Sunday, March 22, 2009

Toronto’s 6th Timeraiser – The unlikely marriage of glamour and charity

So, what scene do we imagine when we hear the word ‘art auction’? Well, lots of money for sure, champagne, posh people, sophisticated conversations, a fair share of vanity – you get the picture. Now think of ‘charity work’: mmhh, not quite the same I guess. More like hard selfless toiling away facing tasks normally shun by many people, such as feeding the homeless, attending the sick, helping the unemployed etc.

Yesterday in Toronto one could see the unlikely union of both worlds. It was Toronto’s 6th Timeraiser Event which displayed once again what a creative, vibrant space can be created by imaginative civil society activists.

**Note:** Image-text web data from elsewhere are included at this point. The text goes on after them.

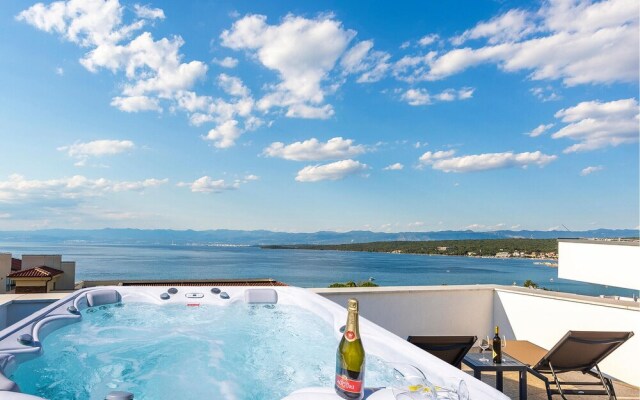 Beautiful Apartment in Malinska With Jacuzzi, Wifi and 3 Bedrooms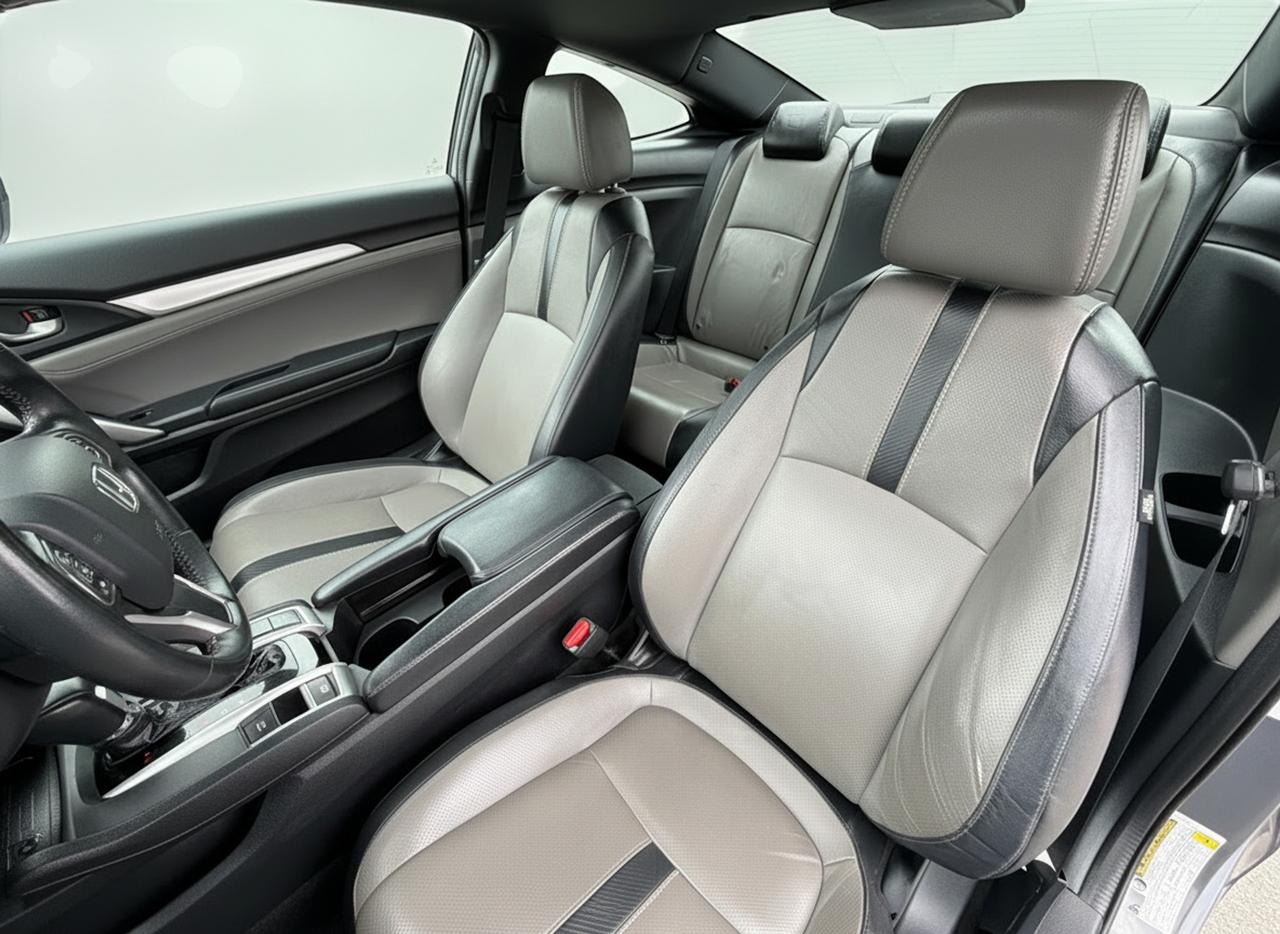2017 Honda Civic 2dr CVT Touring Photo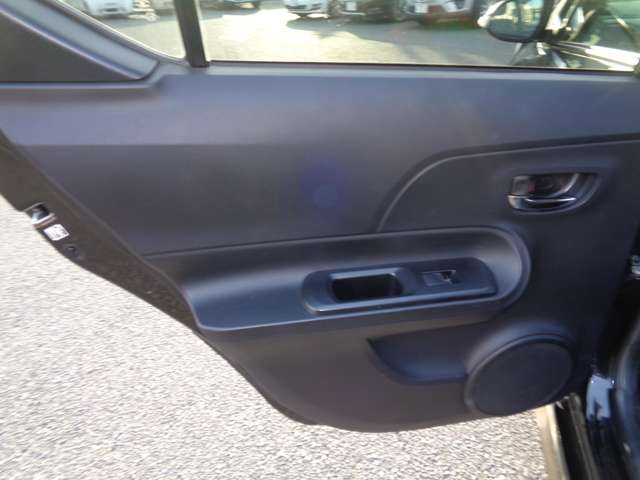 トヨタ アクア １．５ Ｘ－ＵＲＢＡＮ H27年 (中国) 99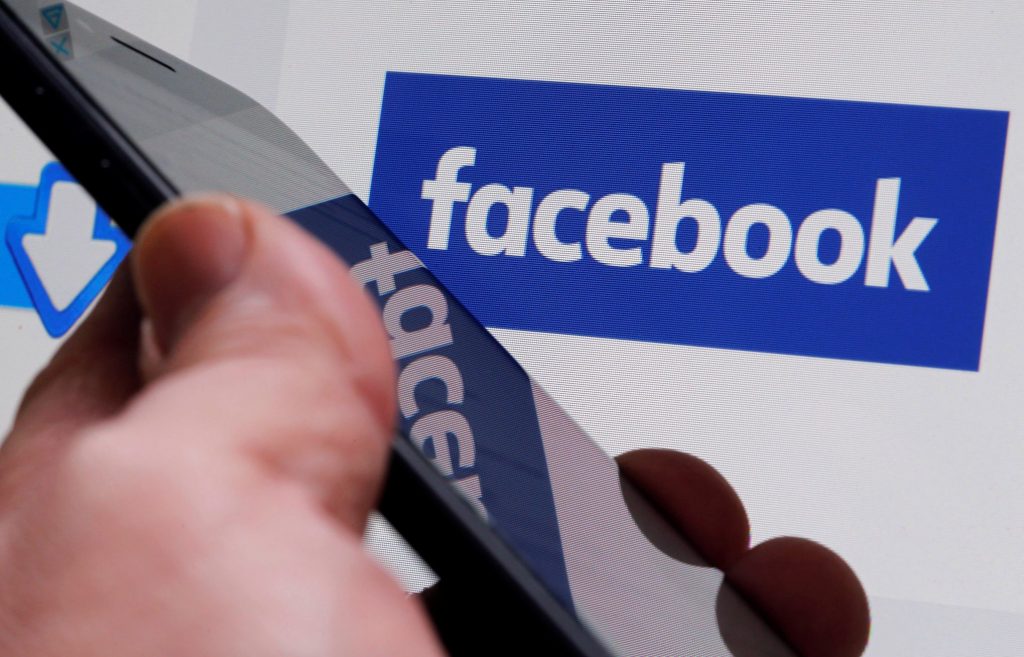 Facebook lanza #CómpralesAEllas para impulsar a emprendedoras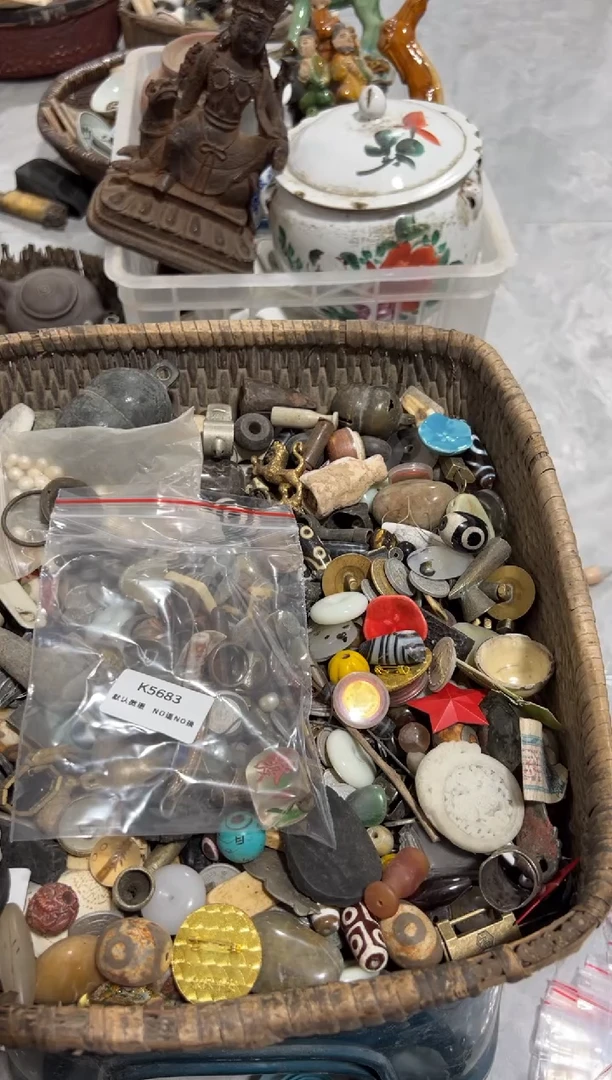 安**兰秒拍秒付闪购瓷铜摆件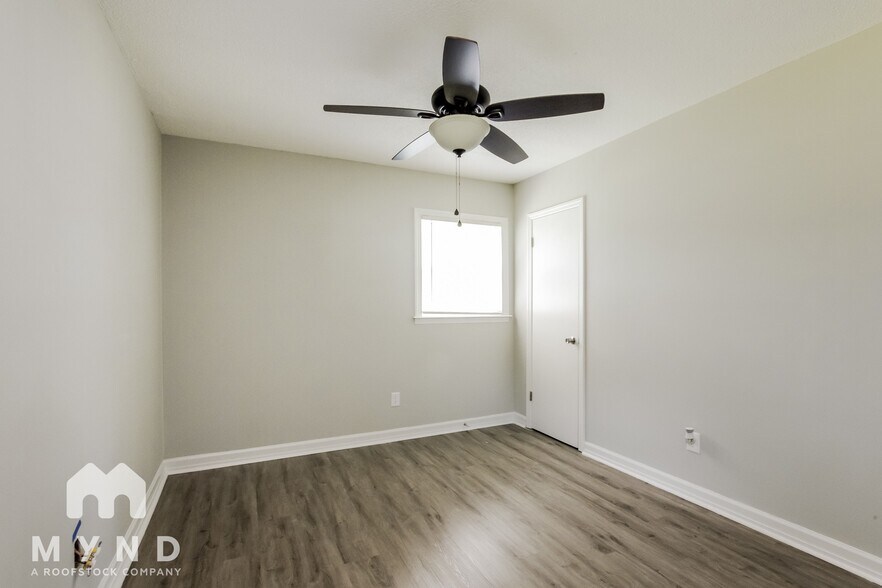 Building Photo - 3624 Somerset Dr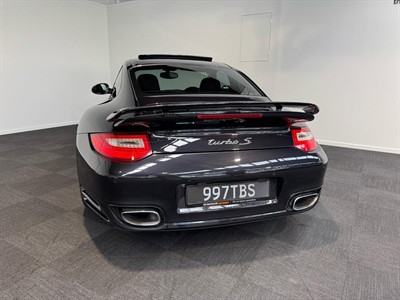 2011 Porsche 911 - Thumbnail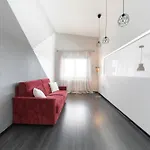 Modern And Spacious Βίλα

The core idea is as brilliant as it is simple: The auction features some 30 works of local artists and the interested art collectors make their bid in form of committing time to volunteer for selected charities – rather than bidding money. For most pieces of art people were happy to bid up to 125 hours of their time! This is a heck of a lot of time if – like most folks at the event – you are in a full-on career in business.

So here we are: a great art gallery space in Toronto’s distillery district, nice drinks, great hors d’oeuvres, beautiful people, and of course, pretty cool artwork. While checking out which piece takes your fancy you also have a chance to talk to 40ish agencies which offered various volunteering opportunities to the potential bidders. In the end, it was not only a lot of fun to see who bids where and who gets outbid for which item but it was also an incredibly successful raising of time for charity: last year’s event raised more than 11,500 hours of volunteer time from the guests of the event.

What is great about the event is that it does not confine the ability to be charitable to the Trumps, Buffets or Gates’s of this world who can do so by virtue of their checkbooks. This is based on the one resource where all people are more or less equal: the 24 hours we have per day.

The other aspect from our perspective is of course this one: the entire event was made possible financially through the support of 10 Toronto based companies. As such, this represents a clever form of CSR. Having just published some research on how volunteering creates social capital, this event was a great ‘laboratory’ to observe from the point of view of a researcher.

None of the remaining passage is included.